A review by tominaz
Going After Cacciato by Tim O'Brien

4.0

I think some of the other reviewers of Cacciato have forgotten or ignored the enormous challenges that confronted O'Brien in writing a war novel in general and a semi-autobiographical "Vietnam" novel in particular. First there would have been the tremendous difficulty in seamlessly including the autobiographical material to accomplish the necessary verisimilitude. There also would have been the difficulty of coming at the themes of war both obliquely and directly - in a way that honors the tremendous complexity of why war exists and its diffuse meanings viewed through the lens of culture and social expectation yet one that also yawps furiously and unflinchingly at its human costs as well as the immediate and real personal tragedy the Vietnam war inflicted on the author (distilled incredibly in his story "On the Rainy River" from [book: The Things They Carried]).

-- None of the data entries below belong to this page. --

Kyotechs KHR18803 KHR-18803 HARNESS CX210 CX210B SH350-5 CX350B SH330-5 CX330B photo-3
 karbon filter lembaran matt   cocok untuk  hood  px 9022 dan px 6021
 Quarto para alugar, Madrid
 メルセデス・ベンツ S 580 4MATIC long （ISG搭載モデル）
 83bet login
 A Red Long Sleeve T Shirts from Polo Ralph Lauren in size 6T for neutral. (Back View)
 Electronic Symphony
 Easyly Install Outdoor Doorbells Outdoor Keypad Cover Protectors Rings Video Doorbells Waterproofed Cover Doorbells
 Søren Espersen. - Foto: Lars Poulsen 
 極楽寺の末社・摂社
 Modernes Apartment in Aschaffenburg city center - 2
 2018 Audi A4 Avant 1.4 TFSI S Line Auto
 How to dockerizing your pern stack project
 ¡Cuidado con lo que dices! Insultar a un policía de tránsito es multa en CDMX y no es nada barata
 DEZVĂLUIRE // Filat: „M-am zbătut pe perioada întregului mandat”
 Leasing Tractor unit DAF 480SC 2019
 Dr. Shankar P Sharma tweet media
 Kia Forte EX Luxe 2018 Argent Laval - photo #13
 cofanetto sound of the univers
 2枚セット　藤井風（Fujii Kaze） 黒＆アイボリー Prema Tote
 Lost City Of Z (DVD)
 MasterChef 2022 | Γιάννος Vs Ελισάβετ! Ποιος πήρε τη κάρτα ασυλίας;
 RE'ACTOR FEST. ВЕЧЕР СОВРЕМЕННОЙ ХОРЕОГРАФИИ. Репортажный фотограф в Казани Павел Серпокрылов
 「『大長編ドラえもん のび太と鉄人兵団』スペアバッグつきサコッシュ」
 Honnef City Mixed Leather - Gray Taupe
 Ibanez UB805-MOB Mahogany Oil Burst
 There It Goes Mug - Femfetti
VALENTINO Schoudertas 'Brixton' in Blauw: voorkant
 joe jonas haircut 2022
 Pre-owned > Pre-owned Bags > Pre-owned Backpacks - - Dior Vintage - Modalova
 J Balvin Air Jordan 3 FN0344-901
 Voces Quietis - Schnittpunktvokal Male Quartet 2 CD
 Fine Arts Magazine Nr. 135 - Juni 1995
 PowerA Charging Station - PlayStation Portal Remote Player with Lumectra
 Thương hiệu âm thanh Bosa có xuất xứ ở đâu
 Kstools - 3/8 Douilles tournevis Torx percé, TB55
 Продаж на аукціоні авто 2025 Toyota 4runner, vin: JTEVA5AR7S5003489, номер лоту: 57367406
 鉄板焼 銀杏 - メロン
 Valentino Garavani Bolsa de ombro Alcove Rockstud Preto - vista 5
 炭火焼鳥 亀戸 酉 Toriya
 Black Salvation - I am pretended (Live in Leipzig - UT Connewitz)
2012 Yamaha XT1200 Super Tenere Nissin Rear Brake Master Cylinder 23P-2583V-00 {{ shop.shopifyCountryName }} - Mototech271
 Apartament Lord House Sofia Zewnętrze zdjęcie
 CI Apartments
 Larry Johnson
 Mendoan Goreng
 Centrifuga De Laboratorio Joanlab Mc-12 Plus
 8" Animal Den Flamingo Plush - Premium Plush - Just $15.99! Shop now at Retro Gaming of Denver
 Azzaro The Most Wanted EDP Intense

O'Brien overcomes these challenges with admirable and readable finesse as well as with great feeling and compassion.

It is difficult for me to imagine how generic, structural, or stylistic changes to the novel might have resulted in a more artful or polished work without simultaneously forfeiting either the book's acid truths or deeply perceptive thematic nuance. I believe Cacciato to be as readable, moving, and important a soldier's testament to war as either [author: Joseph Heller]'s [book: Catch-22] or [author: Kurt Vonnegut]'s [book: Slaughterhouse Five] and infinitely more satisfying than the perhaps more polished and artful Vietnam novel [book: Dog Soldiers] by [author: Robert Stone].